詮索
今回少し短めです。娘共々風邪を引いて寝込んでたので投稿が遅くなってしまいました。これからもゆっくりですがおつきあい願います。
瞬間王子に興味のない桜華でさえ一瞬息を飲んだ。ティターニアの弟なのだから、容姿は良いだろうと思ってはいたがこれほどとは思わなかった。
出発前に、こちらの世界で発達したコンピューターのようなものでプロフィールを見せてくれる予定だったのだが、何かと忙しく後回しにして、どうせ結婚する予定でもないし、どうせ本宮に行けば本人に合う事もあるだろうと見ていなかったのだ。
それにしても眉目秀麗、美麗衆目という言葉がこれほどぴったりくる人物を続けてお目に見る事になるとは・・いうまでもなく一人目はティターニアだ。他の妃候補も普通以上に整った美人ぞろいだが、この二人はまた次元の違う美形だ。
その上、男のくせに妖艶で王姉に勝るとも劣らないだだ漏れな色気。正直これほどまでの美しい男は見た事がなかった。ちらっと周りを見回すと、妃候補どころか侍女たちまで完全に目がハートになっている。
(うわあ・・・女装させたら絶対ティターニアにそっくり。さすが姉弟だなあ。遺伝子ってすごい・・。)
他とは違う意味で観察、納得しながら桜華は王子アクロティヌスを見つめる。
各候補達が、それぞれに挨拶を順番にかわして行く。時々お久しぶりですと言った言葉が聞こえるところをみるとほとんどの妃候補とは面識があるのだろう。まあ、力ある貴族の娘達が候補になっているのだから当たり前なのかもしれないが。8大諸侯と呼ばれる王家に近い貴族から4名、そして他の2名はそれに次ぐ位をもつ貴族の娘だったはず。他の4諸侯は、息子しかいないか、もしくは娘がいても、王子とは釣り合わない年回りだったなどの理由で推薦されていない。

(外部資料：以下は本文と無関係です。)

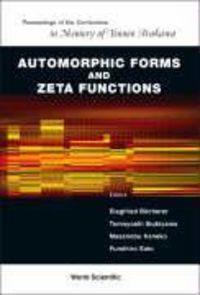 Produktbild: Automorphic Forms and Zeta Functions - Proceedings of the Conference in Memory of Tsuneo Arakawa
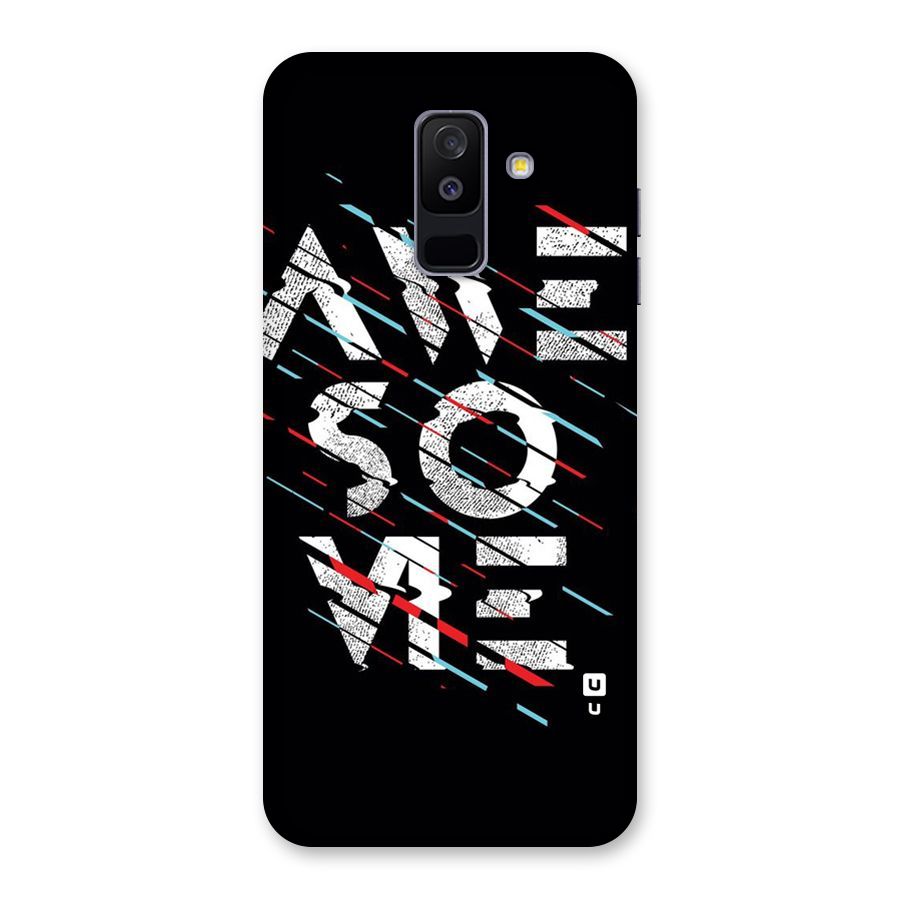 Awesome Me Back Case for Galaxy A6 Plus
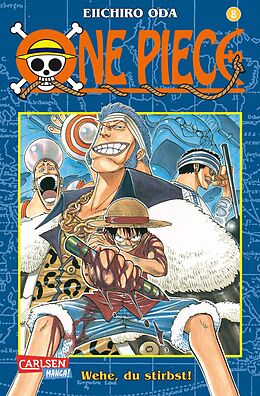 Kartonierter Einband One Piece 8 von Eiichiro Oda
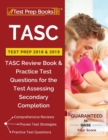 Tasc Test Prep 2018 & 2019 : Tasc Review Book & Practice Test Questions for the Test Assessing Secondary Completion - Book
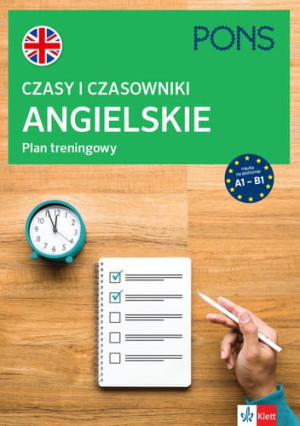 CZASY I CZASOWNIKI ANGIELSKIE B1 B2 NOWA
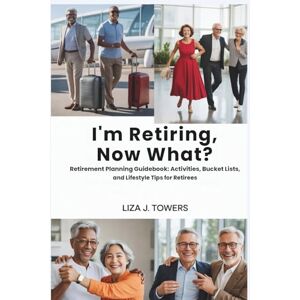 Towers, Liza J. I'm Retiring, Now What?: Retirement Planning Guidebook: Activities, Bucket Lists, and Lifestyle Tips for Retirees Towers, Liza J. I'm Retiring, Now What?: Retirement Planning Guidebook: Activities, Bucket Lists, and Lifestyle Tips for Retirees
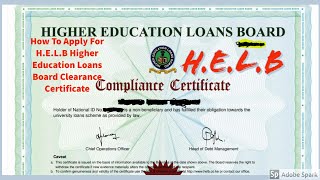 How To Apply For HELB Higher Education Loans Board Clearance Certificate  HELB [upl. by Zacharias654]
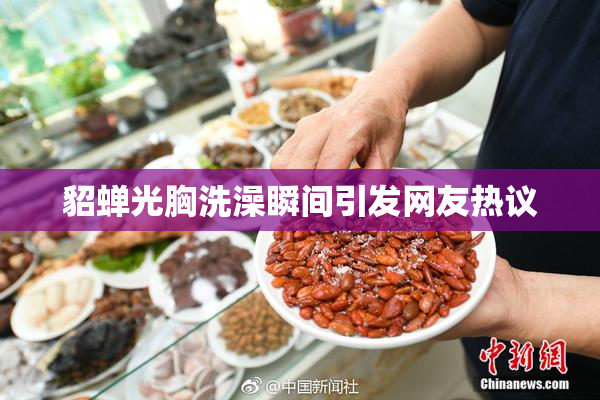 貂蝉光胸洗澡瞬间引发网友热议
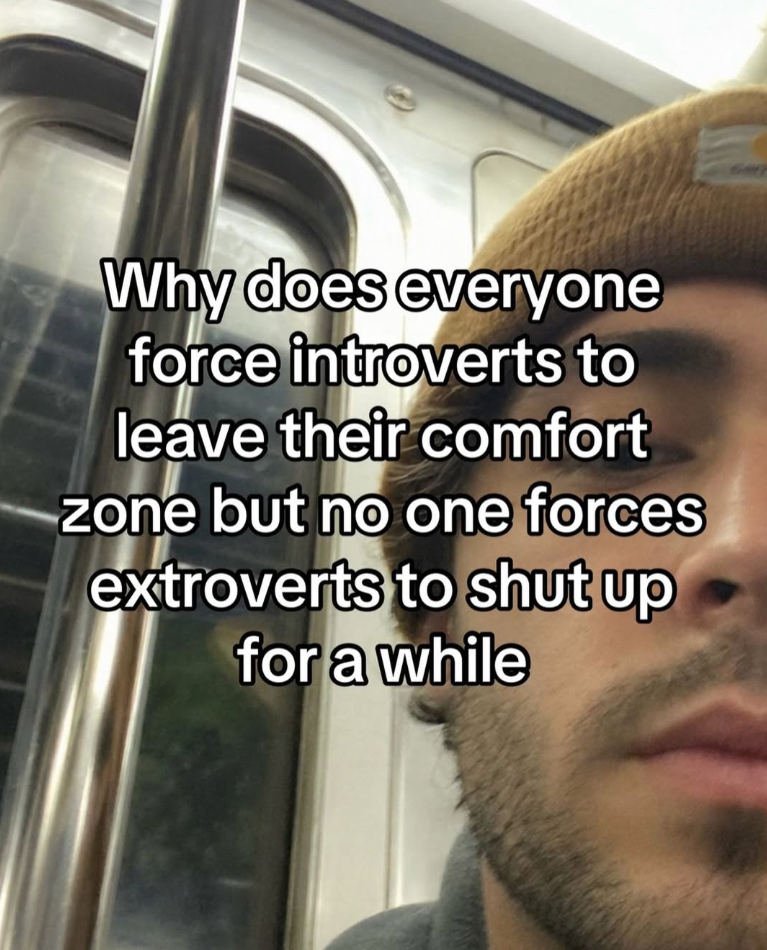 Why does everyone force introverts to leave their comfort zone but no one forces extroverts to shut up for a while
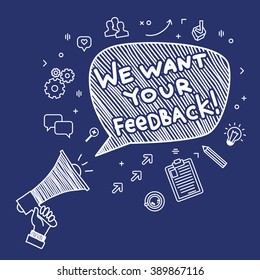 Concept of feedback. Hand Holding Megaphone with phrase We want your feedback. Hand drawn illustration.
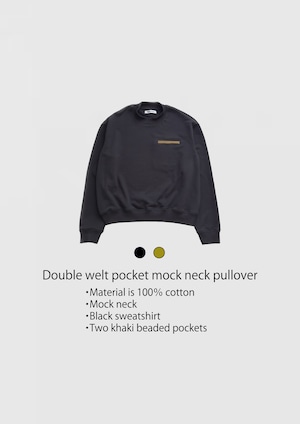 Double welt pocket mock neck pullover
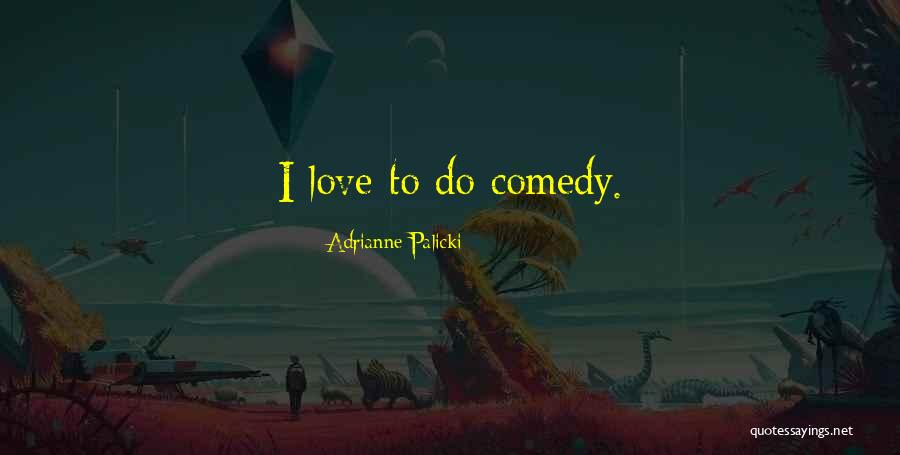 Acoger Antonimo Quotes By Adrianne Palicki Acoger Antonimo Quotes By Adrianne Palicki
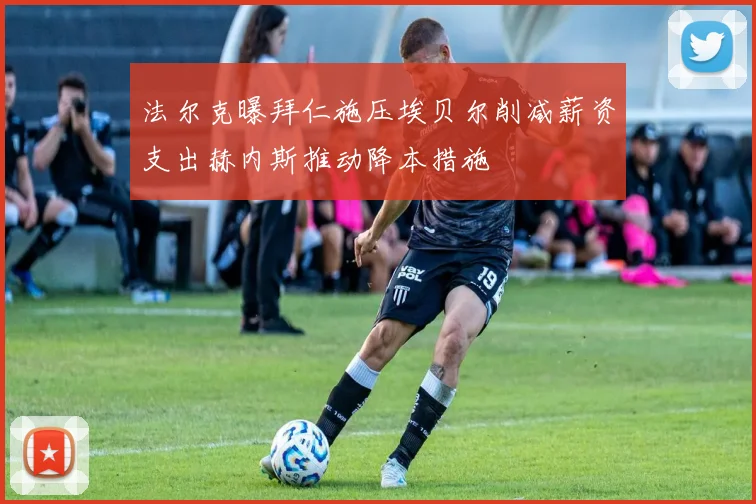法尔克曝拜仁施压埃贝尔削减薪资支出赫内斯推动降本措施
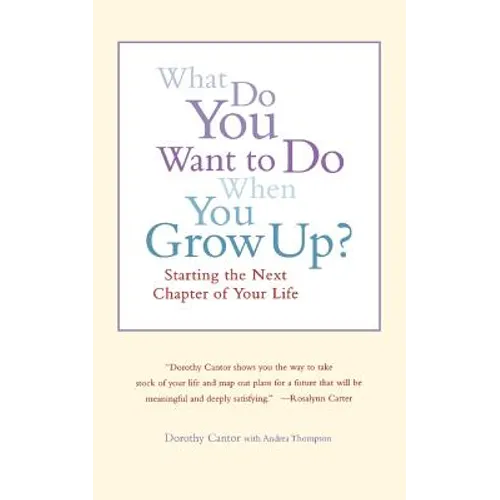 What Do You Want to Do When You Grow Up?: Starting the Next Chapter of Your Life - Paperback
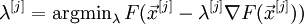 \lambda^{[j]}=\mathrm{argmin}_{\lambda} \,F(\vec{x}^{[j]}-\lambda^{[j]}\nabla F(\vec{x}^{[j]})) \!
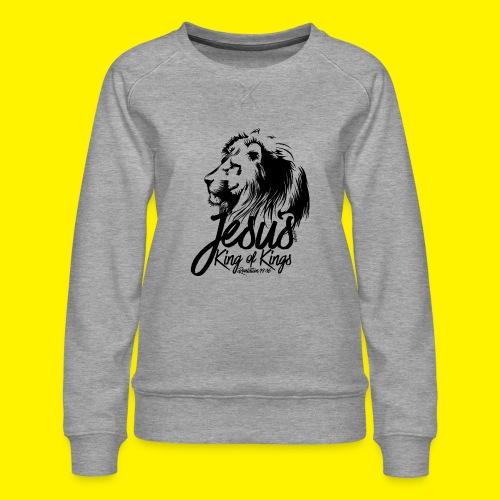 JESUS - KING OF KINGS - Revelations 19:16 - LION - Women's Premium Sweatshirt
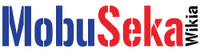 Mobuseka Wiki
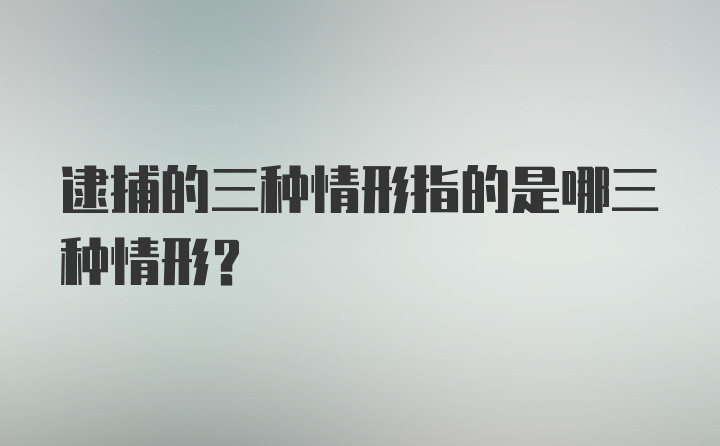 逮捕的三种情形指的是哪三种情形？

本当に王子と面識がないのは自分ぐらいなものだ。最初いくらティターニアの言うように古代からの儀式を何よりも大切にするこの国でトトス神に選ばれたとはいえ(桜華自身はそうは思っていないが)異界からきた一般人が候補として参加するのはどうなのかと思っていたのだが、さすが、ティターニア、この半年の間でかなりの根回しをしたらしく、いつの間にか自分はその王家に近い8大諸侯の一家、ポリヒュムニア家の養女とされていた。
ここにくる前の何かと忙しくの一旦には、この家との関わりがあったことはいうまでもない。王姉とはかなり深い縁があるらしく、こちらの意見も聞かずに勝手に養女の件を承諾し、短い間に貴族としての何とやら・・・を徹底的に叩き込まれた。
あのおっさん・・もとい養父は涼しい顔をして、ティター二ア以上の狸だった。はっきり言って思い出したくもない出来事だ。思わず顔をしかめたところ、ミルハの焦ったような声が耳に届く。
「桜華さま・・!」
はっとして目線を上げると、いつの間に目前まで来ていたのかアクロティヌスの深い青緑の視線を浴びていた。とっさに取り繕たように微笑んでおいたが、きっとしかめ面の表情を見られたのだろう、少し興味本位の視線が突き刺さる。
ゆっくりと手を差し出しながら王子が聞いてくる。
「初めまして。貴方がポリヒュムニア家の・・?」
確かに甘いマスクをして微笑んではいるが目が笑っていない。まじかで王子の表情を見ながら一瞬にして桜華は悟った。やはりティターニアの弟だ・・、この表情に騙されてはいけないと・・。